In the summer of 1943, in the midst of World War II, tensions between blacks and whites in Detroit were escalating. Detroit's population had grown by 350,000 people since the war began. The booming defense industries brought in large numbers of people with high wages and very little available housing. 50,000 blacks had recently arrived along with 300,000 whites, mostly from rural Appalachia and Southern States.[2]
Recruiters convinced blacks as well as whites in the South to come up North by promising them higher wages in the new war factories. Believing that they had found a promised land, blacks began to move up North in larger numbers. However, upon arriving in Detroit, blacks found that the northern bigotry was just as bad as that they left behind in the deep South. They were excluded from all public housing except Brewster Housing Projects, forced to live in homes without indoor plumbing, and paid rents two to three times higher than families in white districts. They also faced discrimination from the public and unfair treatment by the Detroit Police Department.[3] In addition, Southern whites brought their traditional bigotry with them as both races head up North, adding serious racial tensions to the area. Job-seekers arrived in such large numbers in Detroit that it was impossible to house them all.

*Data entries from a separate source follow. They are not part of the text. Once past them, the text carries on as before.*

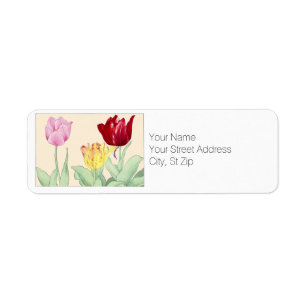 Tulip, Botanicals Return Address Label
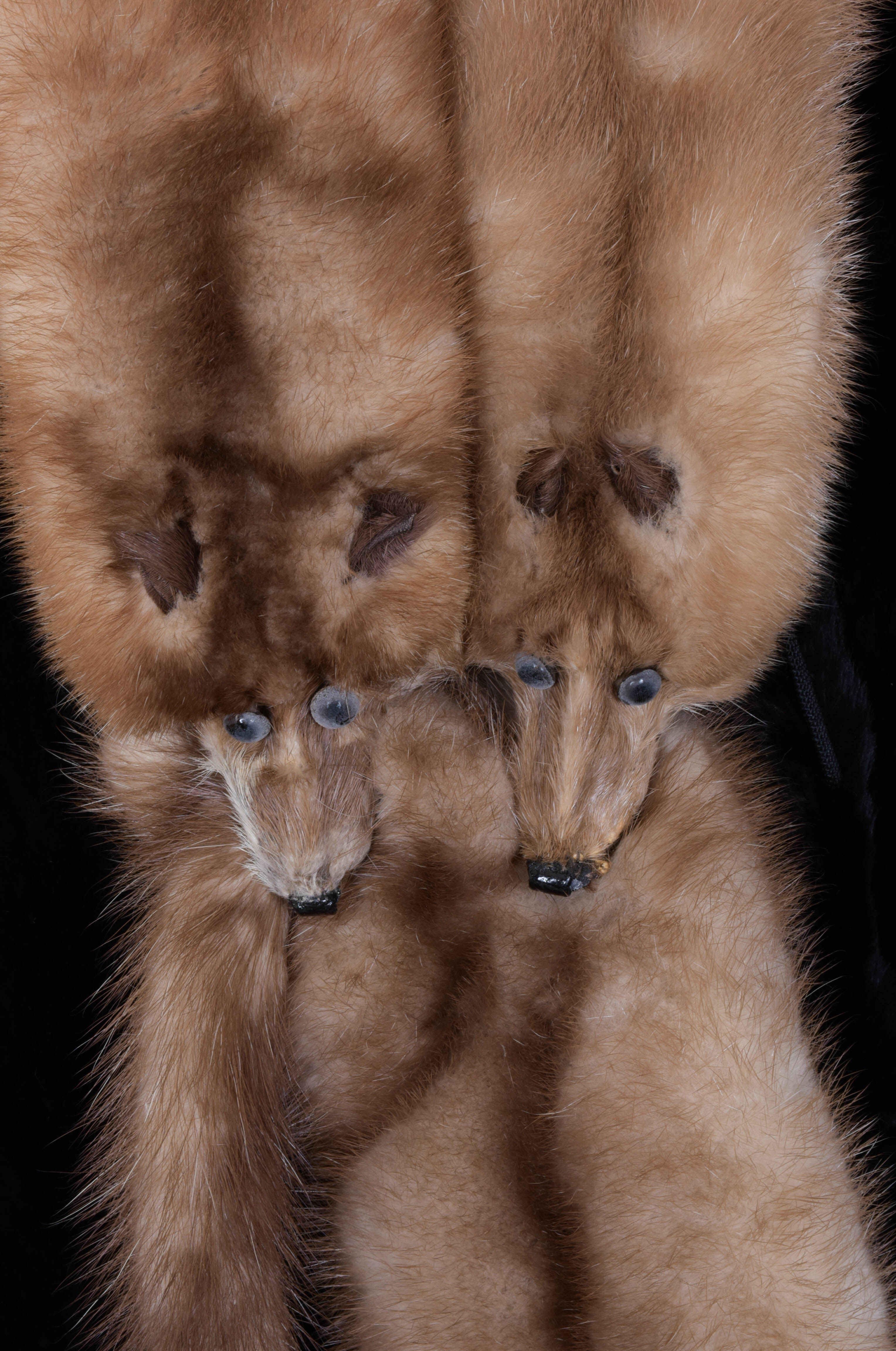 Vintage Fur Coat and Mink Stole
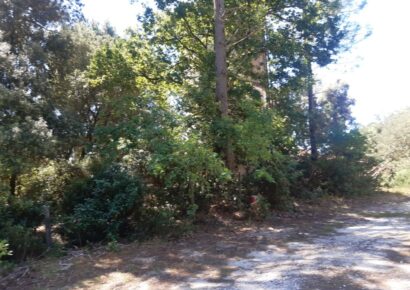 Terrain Blanquefort  (Gironde 33)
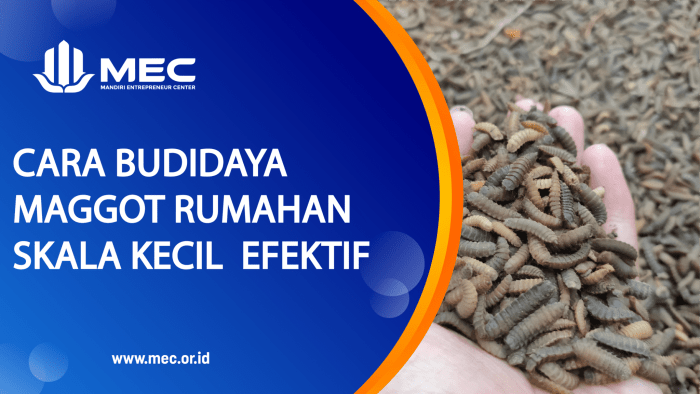 Cara Budidaya Maggot Rumahan Skala Kecil yang Efektif Cara Budidaya Maggot Rumahan Skala Kecil yang Efektif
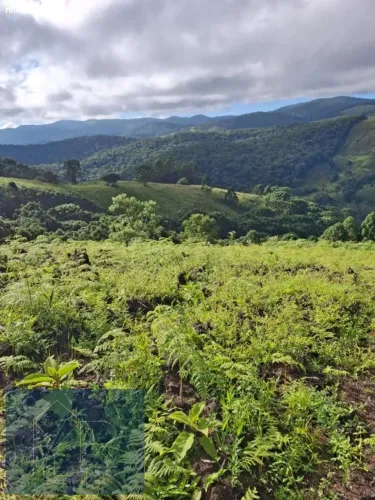 Terreno à Venda em Gonçalves-MG com 26.143m2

Before the attack on Pearl Harbor, the U.S. government was concerned about providing housing for the workers who were beginning to pour into the area. On June 4, 1941, the Detroit Housing Commission approved two sites for defense housing projects--one for whites, one for blacks. The site originally selected by the commission for black workers was in a predominantly black area, but the U.S. government chose a site at Nevada and Fenelon streets, an all-white neighborhood.
To complete this, a project named Sojourner Truth was launched in the memory of a black Civil War woman and poet. Despite this, the white neighborhoods opposed having blacks moving next to their homes, meaning no tenants were to be built. On January, 20, 1942, Washington DC informed the Housing Commission that the Sojourner Truth project would be for whites and another would be selected for blacks. But when a suitable site for blacks could not be found, Washington housing authorities agreed to allow blacks into the finished homes. This was set on February 28, 1942.[4] In February 27, 1942, 120 whites went on protest vowing they would keep any black homeowners out of their sight in response to the project. By the end of the day, it had grown to more than 1,200, most of them were armed. Things went so badly that two blacks in a car attempted to run over the protesters picket line which led to a clash between white and black groups. Despite the mounting opposition from whites, black families moved into the project at the end of April. To prevent a riot, Detroit Mayor Edward Jeffries ordered the Detroit Police Department and state troops to keep the peace during that move. Over 1,100 city and state police officers and 1,600 Michigan National Guard troops were mobilized and sent to the area around Nevada and Fenelon street to guard six African-American families who moved into the Sojourner Truth Homes. Thanks to the presence of the guard, there were no further racial problems for the blacks who moved into this federal housing project. Eventually, 168 black families moved into these homes.[5] Despite no casualties in the project, the fear was about to explode a year later.[6]
In early June 1943, three weeks before the riot, Packard Motor Car Company promoted three blacks to work next to whites in the assembly lines. This promotion caused 25,000 whites to walk off the job, effectively slowing down the critical war production. It was clear that whites didn't mind that blacks worked in the same plant but refused to work side-by-side with them. During the protest, a voice with a Southern accent shouted in the loudspeaker, I'd rather see Hitler and Hirohito win than work next to a nigger.